It’s a bright sunny morning - ideal canvassing weather, given the thousands of households I visited over the winter in pouring rain and the freezing cold. Unfortunately I have to attend a West of Scotland Conservatives Training Day. Four breakout sessions covering Get Out The Vote, Fundraising, Media Communications and Delivery Networks – followed by a rally speech by Jackson Carlaw MSP – take us through to lunch. I am then joined by my new Association Chairman to meet with the formidable Marion Little to review progress in East Renfrewshire on a number of fronts. From Marion’s feedback it appears we are making some positive progress on canvass activity and delivery network and she provides me with some very useful support in telling my Chairman what’s expected of him and his new team.
Fighting any marginal seat is difficult but Jim’s elevation to the Cabinet provides a new set of challenges, not least of which is the amount of money the Labour Party are pumping into his campaign for re-election. Direct mail and telephone blasting seem to be their weapons of choice and from what I hear it seems Labour are up to similar tricks in other Cabinet members’ seats. As we cannot compete financially, we need to be cleverer in the way we approach campaigning on a local level.

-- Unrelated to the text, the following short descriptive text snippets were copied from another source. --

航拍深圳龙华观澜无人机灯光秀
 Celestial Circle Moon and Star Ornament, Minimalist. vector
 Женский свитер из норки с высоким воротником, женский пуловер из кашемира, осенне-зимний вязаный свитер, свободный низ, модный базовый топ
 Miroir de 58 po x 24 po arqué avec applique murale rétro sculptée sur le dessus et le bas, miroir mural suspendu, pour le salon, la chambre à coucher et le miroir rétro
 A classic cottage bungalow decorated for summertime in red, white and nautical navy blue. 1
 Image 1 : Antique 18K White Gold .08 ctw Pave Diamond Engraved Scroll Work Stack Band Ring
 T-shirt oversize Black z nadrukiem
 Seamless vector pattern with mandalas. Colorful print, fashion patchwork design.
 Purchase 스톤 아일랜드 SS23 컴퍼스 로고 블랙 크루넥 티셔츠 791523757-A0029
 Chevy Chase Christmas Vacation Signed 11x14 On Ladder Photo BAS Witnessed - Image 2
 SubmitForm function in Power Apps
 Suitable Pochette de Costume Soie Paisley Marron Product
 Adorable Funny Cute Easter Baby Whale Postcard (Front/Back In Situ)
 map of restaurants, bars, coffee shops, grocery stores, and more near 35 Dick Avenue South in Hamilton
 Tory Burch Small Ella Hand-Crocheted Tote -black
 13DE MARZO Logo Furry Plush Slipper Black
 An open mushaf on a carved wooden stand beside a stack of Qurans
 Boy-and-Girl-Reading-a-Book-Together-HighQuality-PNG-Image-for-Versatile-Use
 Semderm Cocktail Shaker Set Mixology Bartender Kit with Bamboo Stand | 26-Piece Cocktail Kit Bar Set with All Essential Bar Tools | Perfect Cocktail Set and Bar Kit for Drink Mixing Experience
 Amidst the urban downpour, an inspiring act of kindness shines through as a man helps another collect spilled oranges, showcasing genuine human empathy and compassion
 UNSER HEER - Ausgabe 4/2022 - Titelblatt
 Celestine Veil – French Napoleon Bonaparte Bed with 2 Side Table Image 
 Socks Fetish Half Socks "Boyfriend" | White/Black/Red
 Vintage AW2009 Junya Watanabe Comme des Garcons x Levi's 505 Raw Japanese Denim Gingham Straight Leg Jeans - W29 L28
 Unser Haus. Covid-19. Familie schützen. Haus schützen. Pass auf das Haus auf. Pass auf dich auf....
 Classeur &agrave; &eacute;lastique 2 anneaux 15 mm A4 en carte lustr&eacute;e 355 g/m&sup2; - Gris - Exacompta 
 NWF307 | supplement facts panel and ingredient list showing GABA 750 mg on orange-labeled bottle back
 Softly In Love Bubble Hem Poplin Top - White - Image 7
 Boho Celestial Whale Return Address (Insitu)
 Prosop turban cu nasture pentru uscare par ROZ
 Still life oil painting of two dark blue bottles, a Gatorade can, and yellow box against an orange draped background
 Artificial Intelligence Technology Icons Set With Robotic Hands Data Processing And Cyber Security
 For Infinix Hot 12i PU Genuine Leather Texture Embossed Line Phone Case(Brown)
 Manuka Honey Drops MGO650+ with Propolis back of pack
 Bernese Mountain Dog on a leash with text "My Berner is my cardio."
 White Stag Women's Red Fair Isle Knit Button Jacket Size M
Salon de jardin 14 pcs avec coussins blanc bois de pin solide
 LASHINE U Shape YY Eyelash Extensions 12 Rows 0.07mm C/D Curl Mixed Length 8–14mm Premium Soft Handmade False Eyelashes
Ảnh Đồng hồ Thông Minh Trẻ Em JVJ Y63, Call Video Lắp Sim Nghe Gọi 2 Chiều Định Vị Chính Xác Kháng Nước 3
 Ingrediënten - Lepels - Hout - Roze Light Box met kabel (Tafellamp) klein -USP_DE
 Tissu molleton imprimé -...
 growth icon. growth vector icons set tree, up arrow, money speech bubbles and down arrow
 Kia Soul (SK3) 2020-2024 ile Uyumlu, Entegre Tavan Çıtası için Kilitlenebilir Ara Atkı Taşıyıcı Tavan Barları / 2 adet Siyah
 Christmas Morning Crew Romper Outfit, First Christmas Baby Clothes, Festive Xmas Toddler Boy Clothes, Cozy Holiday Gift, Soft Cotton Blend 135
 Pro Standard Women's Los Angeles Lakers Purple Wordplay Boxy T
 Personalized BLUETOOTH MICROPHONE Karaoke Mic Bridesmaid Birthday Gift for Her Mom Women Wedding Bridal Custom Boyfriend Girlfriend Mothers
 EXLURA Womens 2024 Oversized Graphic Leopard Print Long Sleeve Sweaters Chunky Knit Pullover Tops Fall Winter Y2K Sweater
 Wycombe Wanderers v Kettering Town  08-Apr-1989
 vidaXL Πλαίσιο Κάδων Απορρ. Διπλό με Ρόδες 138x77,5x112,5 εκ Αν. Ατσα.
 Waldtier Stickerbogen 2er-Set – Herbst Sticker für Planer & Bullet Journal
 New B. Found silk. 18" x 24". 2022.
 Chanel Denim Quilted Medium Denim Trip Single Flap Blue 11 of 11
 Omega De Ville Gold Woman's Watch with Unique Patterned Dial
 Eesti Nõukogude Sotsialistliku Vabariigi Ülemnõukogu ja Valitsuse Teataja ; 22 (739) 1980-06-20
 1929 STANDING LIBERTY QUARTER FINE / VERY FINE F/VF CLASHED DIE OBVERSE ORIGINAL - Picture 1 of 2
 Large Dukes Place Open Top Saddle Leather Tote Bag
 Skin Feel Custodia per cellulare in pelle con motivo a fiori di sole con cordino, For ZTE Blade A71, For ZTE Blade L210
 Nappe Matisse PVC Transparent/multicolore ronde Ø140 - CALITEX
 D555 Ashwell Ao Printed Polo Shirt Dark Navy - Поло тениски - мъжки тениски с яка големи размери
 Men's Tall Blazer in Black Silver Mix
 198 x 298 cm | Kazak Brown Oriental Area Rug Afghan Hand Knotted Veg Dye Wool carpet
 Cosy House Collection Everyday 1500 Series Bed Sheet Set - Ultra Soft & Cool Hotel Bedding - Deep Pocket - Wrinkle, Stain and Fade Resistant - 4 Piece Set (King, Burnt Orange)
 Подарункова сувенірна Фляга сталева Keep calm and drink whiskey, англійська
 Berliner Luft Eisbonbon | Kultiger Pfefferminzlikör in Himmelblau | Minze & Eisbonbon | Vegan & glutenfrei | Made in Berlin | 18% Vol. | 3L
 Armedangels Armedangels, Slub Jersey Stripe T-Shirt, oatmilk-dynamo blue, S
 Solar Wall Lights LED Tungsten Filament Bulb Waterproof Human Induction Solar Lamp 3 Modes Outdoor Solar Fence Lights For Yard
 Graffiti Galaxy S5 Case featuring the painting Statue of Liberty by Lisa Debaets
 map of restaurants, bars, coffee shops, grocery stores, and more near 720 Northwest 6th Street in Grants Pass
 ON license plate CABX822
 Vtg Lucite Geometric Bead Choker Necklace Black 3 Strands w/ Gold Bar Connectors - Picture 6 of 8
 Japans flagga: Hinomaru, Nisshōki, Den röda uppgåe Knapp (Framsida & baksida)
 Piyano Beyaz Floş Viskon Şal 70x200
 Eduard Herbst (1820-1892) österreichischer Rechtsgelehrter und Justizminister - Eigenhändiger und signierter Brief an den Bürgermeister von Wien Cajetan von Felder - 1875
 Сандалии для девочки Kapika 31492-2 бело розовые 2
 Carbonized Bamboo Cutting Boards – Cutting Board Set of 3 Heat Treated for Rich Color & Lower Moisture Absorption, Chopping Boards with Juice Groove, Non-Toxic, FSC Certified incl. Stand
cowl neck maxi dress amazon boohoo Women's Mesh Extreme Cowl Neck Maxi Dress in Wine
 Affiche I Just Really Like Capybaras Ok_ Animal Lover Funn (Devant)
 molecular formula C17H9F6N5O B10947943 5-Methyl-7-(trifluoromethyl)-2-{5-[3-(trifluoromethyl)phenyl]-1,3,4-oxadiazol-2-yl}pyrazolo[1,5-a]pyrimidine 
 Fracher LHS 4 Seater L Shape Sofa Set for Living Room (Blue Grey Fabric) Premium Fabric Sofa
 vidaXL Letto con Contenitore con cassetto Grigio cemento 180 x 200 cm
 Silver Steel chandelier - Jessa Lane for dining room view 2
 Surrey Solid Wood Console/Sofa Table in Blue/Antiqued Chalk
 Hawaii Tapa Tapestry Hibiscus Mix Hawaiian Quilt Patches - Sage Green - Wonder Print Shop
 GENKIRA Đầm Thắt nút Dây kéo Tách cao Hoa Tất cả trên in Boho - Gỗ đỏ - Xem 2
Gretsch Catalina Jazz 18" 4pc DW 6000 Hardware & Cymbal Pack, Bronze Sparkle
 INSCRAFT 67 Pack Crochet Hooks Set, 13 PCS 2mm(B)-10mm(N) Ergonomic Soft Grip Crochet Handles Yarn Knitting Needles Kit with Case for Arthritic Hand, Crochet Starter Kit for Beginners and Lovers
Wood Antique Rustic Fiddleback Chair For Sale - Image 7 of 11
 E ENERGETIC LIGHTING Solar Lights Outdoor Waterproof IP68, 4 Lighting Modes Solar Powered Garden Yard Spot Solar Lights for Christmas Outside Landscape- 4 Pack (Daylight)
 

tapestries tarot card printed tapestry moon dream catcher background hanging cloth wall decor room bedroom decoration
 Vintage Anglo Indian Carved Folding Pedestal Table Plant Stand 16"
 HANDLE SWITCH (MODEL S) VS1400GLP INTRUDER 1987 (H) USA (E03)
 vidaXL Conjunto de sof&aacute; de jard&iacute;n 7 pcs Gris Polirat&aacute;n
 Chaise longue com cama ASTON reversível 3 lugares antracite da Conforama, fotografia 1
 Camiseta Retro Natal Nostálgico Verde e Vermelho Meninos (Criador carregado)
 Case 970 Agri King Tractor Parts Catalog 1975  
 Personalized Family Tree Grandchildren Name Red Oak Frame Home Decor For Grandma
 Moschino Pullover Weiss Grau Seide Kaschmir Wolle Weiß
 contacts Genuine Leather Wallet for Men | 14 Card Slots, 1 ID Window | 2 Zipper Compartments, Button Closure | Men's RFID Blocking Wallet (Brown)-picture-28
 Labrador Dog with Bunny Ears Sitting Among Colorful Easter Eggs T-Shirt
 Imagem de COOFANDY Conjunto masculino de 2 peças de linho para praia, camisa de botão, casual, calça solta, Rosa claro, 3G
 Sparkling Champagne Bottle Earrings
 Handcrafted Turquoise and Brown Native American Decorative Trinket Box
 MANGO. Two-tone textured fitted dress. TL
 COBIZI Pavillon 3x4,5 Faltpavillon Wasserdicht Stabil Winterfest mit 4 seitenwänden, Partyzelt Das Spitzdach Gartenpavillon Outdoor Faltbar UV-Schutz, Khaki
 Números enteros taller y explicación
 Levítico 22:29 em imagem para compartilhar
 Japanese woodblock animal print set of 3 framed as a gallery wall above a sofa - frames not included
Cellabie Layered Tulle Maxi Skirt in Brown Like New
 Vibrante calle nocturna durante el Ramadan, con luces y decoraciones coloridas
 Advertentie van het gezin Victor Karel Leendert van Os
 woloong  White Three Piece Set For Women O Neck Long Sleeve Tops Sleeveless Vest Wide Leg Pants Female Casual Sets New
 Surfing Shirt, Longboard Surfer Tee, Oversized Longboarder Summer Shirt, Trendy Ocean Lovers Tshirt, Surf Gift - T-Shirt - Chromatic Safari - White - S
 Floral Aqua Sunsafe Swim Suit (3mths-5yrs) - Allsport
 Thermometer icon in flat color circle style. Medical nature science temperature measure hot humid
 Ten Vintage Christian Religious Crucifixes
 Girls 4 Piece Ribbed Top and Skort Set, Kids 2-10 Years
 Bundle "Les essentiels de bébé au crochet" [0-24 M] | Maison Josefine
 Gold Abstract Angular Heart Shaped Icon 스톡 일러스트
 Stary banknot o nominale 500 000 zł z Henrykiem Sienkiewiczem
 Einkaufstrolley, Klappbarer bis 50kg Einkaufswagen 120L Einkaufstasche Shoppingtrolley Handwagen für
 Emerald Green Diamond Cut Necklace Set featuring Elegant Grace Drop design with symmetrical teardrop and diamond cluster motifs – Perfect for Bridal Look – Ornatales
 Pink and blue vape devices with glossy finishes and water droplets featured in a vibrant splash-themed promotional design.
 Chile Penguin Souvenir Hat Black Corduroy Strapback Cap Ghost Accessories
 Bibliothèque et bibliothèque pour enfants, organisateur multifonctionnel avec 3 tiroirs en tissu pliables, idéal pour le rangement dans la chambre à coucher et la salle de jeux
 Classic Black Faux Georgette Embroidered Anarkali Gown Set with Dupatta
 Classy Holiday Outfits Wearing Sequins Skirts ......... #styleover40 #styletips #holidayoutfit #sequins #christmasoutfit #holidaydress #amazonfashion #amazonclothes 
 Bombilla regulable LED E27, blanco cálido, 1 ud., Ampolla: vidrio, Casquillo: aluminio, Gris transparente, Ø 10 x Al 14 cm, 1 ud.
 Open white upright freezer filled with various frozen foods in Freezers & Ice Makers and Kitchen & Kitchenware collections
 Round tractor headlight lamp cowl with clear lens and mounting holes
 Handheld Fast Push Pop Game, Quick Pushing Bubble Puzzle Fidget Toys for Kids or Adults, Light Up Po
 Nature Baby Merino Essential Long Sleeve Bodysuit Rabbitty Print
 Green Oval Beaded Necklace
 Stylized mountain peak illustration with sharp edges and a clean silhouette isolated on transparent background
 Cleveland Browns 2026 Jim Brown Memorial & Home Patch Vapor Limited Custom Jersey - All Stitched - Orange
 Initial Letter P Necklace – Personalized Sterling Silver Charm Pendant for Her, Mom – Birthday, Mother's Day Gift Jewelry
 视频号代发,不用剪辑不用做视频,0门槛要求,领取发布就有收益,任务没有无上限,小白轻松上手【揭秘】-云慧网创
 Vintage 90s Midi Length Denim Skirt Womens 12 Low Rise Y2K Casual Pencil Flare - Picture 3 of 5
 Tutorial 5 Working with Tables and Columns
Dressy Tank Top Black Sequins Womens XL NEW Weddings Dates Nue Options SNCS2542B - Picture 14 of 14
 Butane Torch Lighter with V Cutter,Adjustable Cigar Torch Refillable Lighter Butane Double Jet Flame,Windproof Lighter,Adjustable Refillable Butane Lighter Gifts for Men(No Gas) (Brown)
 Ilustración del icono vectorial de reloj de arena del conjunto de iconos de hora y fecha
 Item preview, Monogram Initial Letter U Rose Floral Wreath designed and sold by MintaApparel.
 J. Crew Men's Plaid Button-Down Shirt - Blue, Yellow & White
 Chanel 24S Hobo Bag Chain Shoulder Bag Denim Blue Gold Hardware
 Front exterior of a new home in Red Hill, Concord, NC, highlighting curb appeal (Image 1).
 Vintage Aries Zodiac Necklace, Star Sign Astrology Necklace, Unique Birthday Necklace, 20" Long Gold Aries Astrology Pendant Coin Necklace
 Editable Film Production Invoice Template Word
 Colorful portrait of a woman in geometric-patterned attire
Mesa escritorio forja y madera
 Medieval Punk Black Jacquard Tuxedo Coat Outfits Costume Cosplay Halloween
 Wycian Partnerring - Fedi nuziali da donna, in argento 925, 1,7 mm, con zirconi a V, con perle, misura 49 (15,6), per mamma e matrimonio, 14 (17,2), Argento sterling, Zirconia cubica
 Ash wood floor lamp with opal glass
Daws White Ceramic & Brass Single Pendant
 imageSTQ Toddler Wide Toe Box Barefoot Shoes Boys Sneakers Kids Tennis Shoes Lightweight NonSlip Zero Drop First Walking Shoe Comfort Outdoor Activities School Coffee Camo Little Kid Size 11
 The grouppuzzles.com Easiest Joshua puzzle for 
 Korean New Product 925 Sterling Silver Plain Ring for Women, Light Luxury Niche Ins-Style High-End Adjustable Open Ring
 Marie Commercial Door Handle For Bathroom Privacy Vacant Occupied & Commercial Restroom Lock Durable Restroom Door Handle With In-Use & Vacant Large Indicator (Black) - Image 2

Come home to find my now heavily pregnant wife watching yet more rubbish on TV, giving me the ideal excuse to get back out to watch Scotland v Holland at my local tennis club. Until February of this year, I was President of Giffnock Tennis, Squash & Hockey Club and steered it through a massive development programme. There’s a lot to be proud of at the Club including the 48 inch widescreen TV on which the sixty or so of us are able to enjoy watching Scotland being humbled by a bunch of Orangemen.